Beginning with the line that holds "Once you have" and ending with the last line below, repeat each line exactly, leaving any pictures out.

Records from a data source
──────────────────────────────

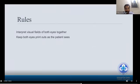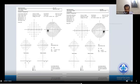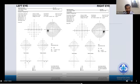Now we move to how to approach a case systematically. The rules: always interpret visual fields of both eyes together. Keep both printouts as the patient sees — right eye printout on your right side, left eye printout on your left side. This is a common source of confusion even for experienced clinicians. It's simple: right eye printout on the right side of yours, left means left side.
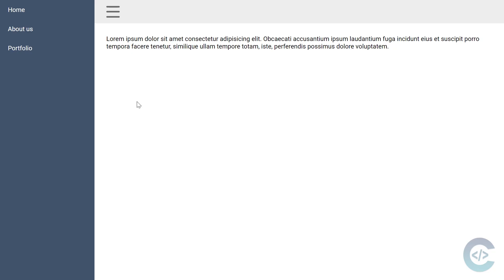Hello guys, I'm the Code-Holic and welcome to my channel. In this video we're gonna create a pure CSS off-canvas menu. We are not going to use JavaScript — this will be just HTML, CSS and some Google fonts.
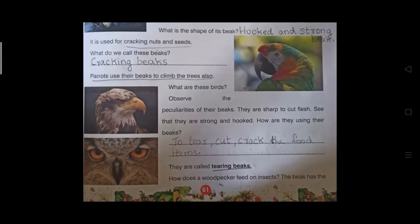What are these birds? Observe the peculiarities of their beaks — they are sharp to cut flesh, strong and hooked. Their hook-type beaks are more pointed, with the upper beak pointing downward. They use their beaks to tear, cut, and crack food items. These are called tearing beaks.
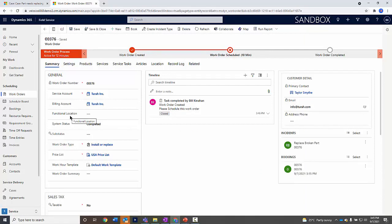If I'm working on a large building and it's not just an address we need to go to, we need to go to the third floor in the fourth office. This allows me to do that where I have a functional location tied to it as well.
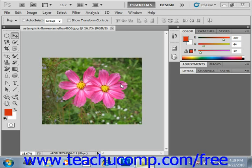Once you have an image file open, you can place additional images on top of the original image in their own separate layers. An image file in Photoshop can consist of multiple layers. A layer is like a transparent sheet which is placed on top of the original file. You can place additional images and other items into their own separate layers on top of the original image layer. This way, you can select a certain layer and then make changes to only the items in that particular layer without putting the parts of the image in the other layers at any risk.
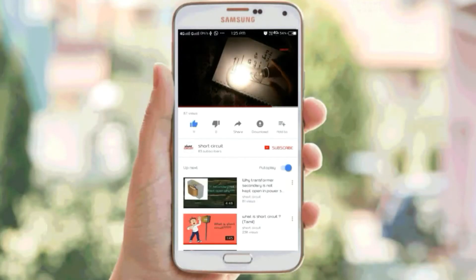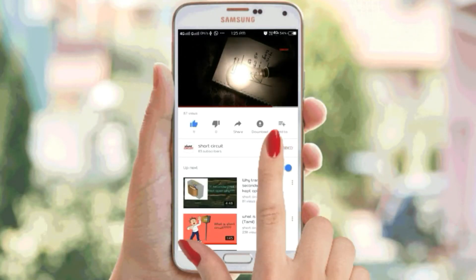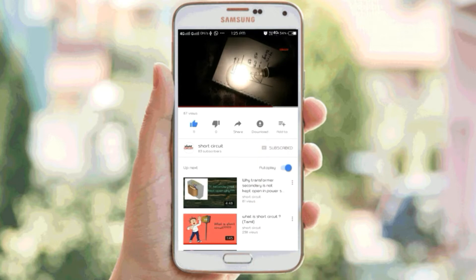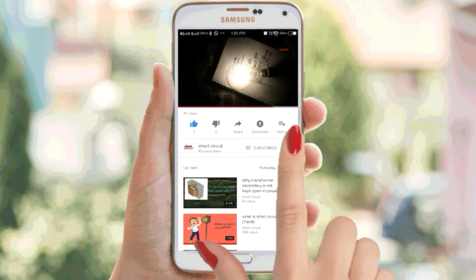If you are subscribed to this channel, click on the red color button. Welcome to Short Circuit.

──────────────────────────────

#### Answer to this exercise
Once you have an image file open, you can place additional images on top of the original image in their own separate layers. An image file in Photoshop can consist of multiple layers. A layer is like a transparent sheet which is placed on top of the original file. You can place additional images and other items into their own separate layers on top of the original image layer. This way, you can select a certain layer and then make changes to only the items in that particular layer without putting the parts of the image in the other layers at any risk.
If you are subscribed to this channel, click on the red color button. Welcome to Short Circuit.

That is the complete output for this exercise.